The pictorial depth cues are a subset of our collection of monocular depth cues: cues that we need only one eye to use. The other two monocular cues we’ll cover in this activity are motion parallax and accommodation/convergence.
The other major depth cue, stereopsis, is binocular (you need both eyes to use it). Binocular vision and stereopsis will be the subject of the other three activities in this chapter.
Click on the image links within the text of each page to see all images. The first time you do this activity, you should probably go through the parts in order from top to bottom.
Occlusion is probably the most pervasive and most reliable of all the depth cues. It is also perhaps the simplest: If part of object A is covering part of object B, A is almost certainly closer to you than B. In Image 1, we perceive the bicycle to be in front of the railing because the bicycle’s parts cover the railing’s metal tubes.
Image 2 shows another example in a more complex scene, a cityscape from Boston, Massachusetts. Here we perceive two clusters of tall buildings in the distance, one on the left and one on the right. In each cluster, one building is clearly perceived to be behind the rest because of occlusion: The John Hancock building on the left and the Prudential building on the right. Image 3 highlights the occlusion relations, and makes it clear that we also perceive the trees as being closer to us than the skyscrapers because they occlude the buildings.
Image 4 shows the Portland street scene again. Can you identify the places in the scene where occlusion allows us to disambiguate the depth relations? Image 5 highlights some of them.
Relative Size and Familiar Size
Remember the distance-to-object size to retinal-size relationship discussed back in the Chapter 3 activity on Visual Angle? We learned that visual angle is proportional to object size divided by distance from the observer. Thus, after doing a little reshuffling of the formula, we can determine that the distance from an object to our eyeball is proportional to the object’s size divided by its retinal size (Image 1).
One consequence of this relationship is that the farther away an object is, the smaller it appears on the retina. Furthermore, if there are two of the same type of object present in the scene you’re looking at, the object whose retinal image size is smallest must be farthest away (and vice-versa: the object with the largest retinal image must be closest). Thus, in Image 2, the disembodied eyeball knows that the red flower is farther away than the purple flower because the red flower projects a smaller retinal image.

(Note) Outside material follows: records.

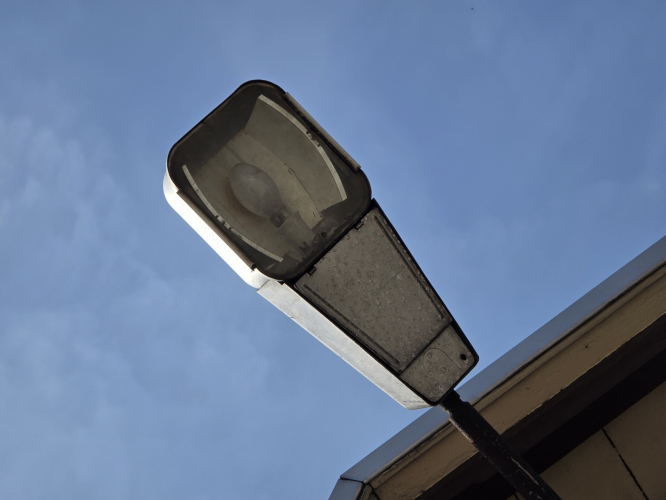 SON-E or MV streetlantern 
Spotted at Wernigerode Hbf station - I came to this place during the evening and it wasn't working 
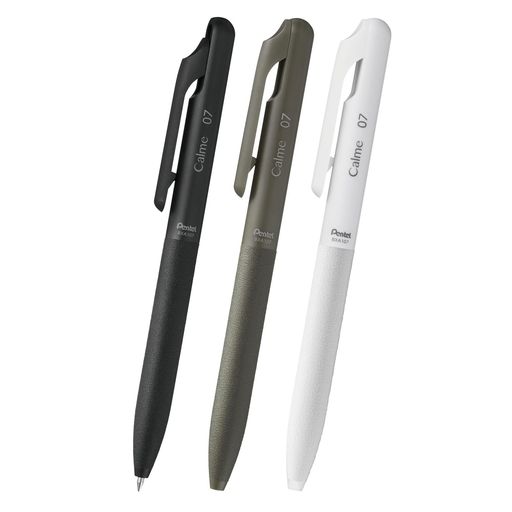 【特長】安定感抜群の革調グリップデザインボールペン3本セット 【特長】不快な音を軽減する、静かで心地よいノック感 【ボール径】0.7mm 【インキ色】黒 【本数】3種3本 【1本あたりサイズ/重さ】幅 16mm x奥行 11mm x 長さ 147mm/9g 【材質】前軸=PP 後軸・ノッククリップ=PC グリップ=エラストマー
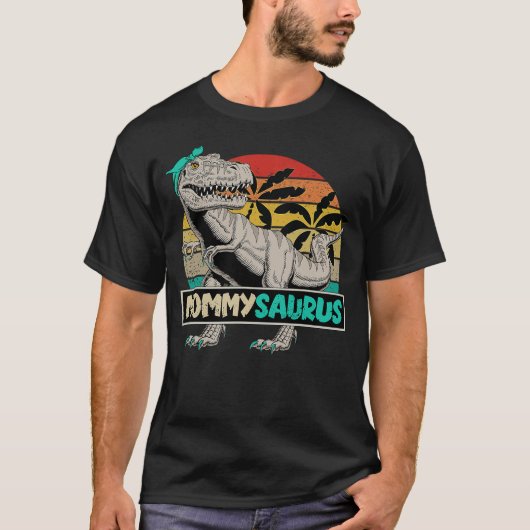 Fun Matching Family Dinosaur T-Rex for Mommy MOMMY T-shirt (Voorkant)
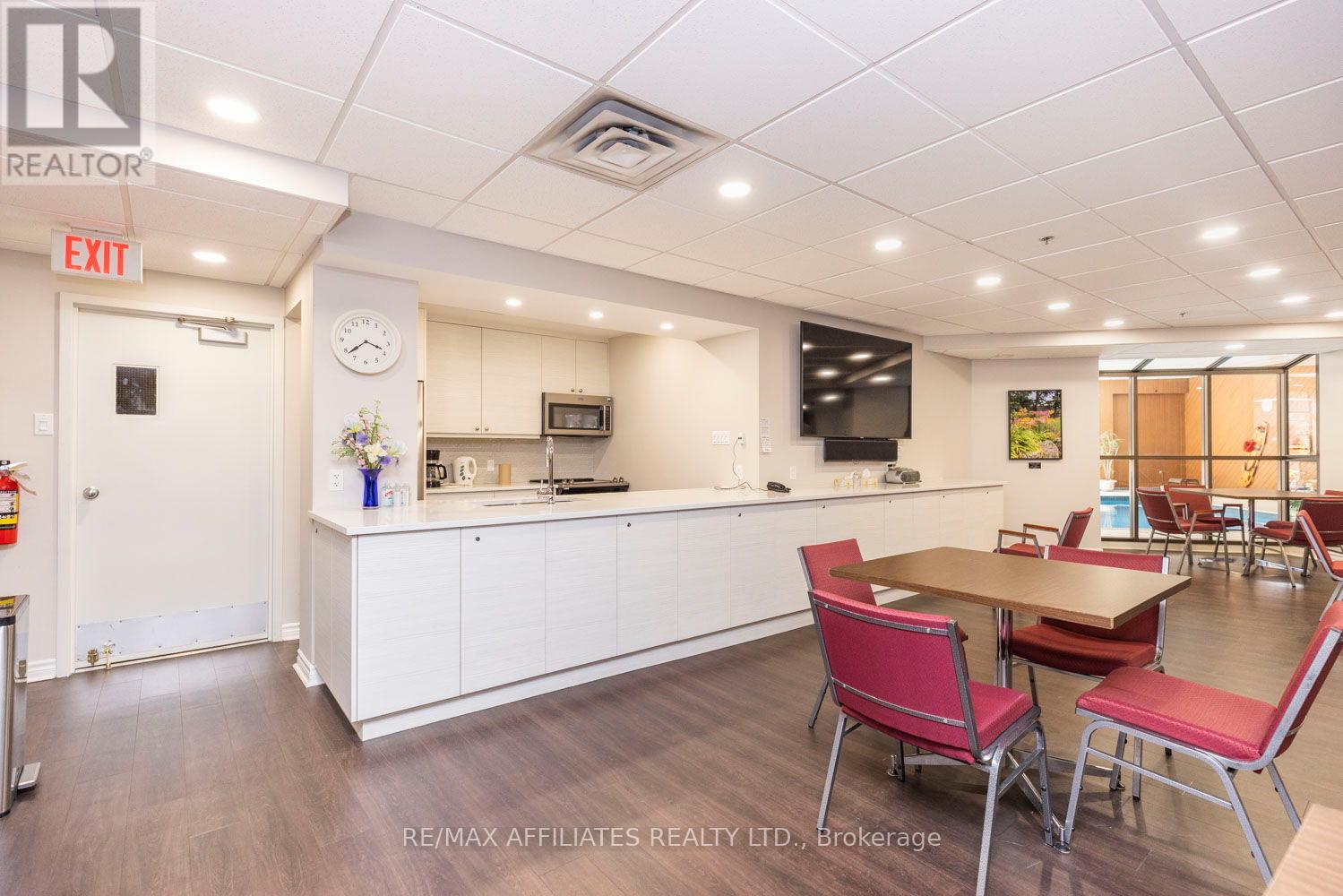 2305 - 1025 Richmond Road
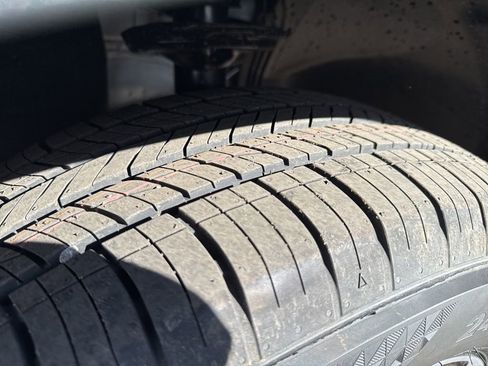 New 2026 Volkswagen Atlas SE image 28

This monocular depth cue, called relative size, is quite effective because it turns out that in many real-world visual scenes, we see multiple objects that can be assumed to be about the same size. For example, in Image 3, one of the ways we know that the statue in the center of the photo is closer than the three statues on the left because the central statue’s retinal image is much larger.
As its name implies, the relative size cue tells us how far away different objects are relative to each other, but it can’t, on its own, tell us exactly how far away any of the objects are. However, if we know how big an object really is, our brains can solve the distance-equals-object-size-divided-by-relative-size relationship to determine absolute distances. In this case we are using the familiar size depth cue.
Thus, adding people to the statues in Image 4 improves the sense of depth compared to Image 3 because now you can use your knowledge about how tall people are to mentally calculate how far away they are. And since the people are standing next to the central statue, you can use them to judge the exact height of this statue (this is an alternative use of the relative height cue).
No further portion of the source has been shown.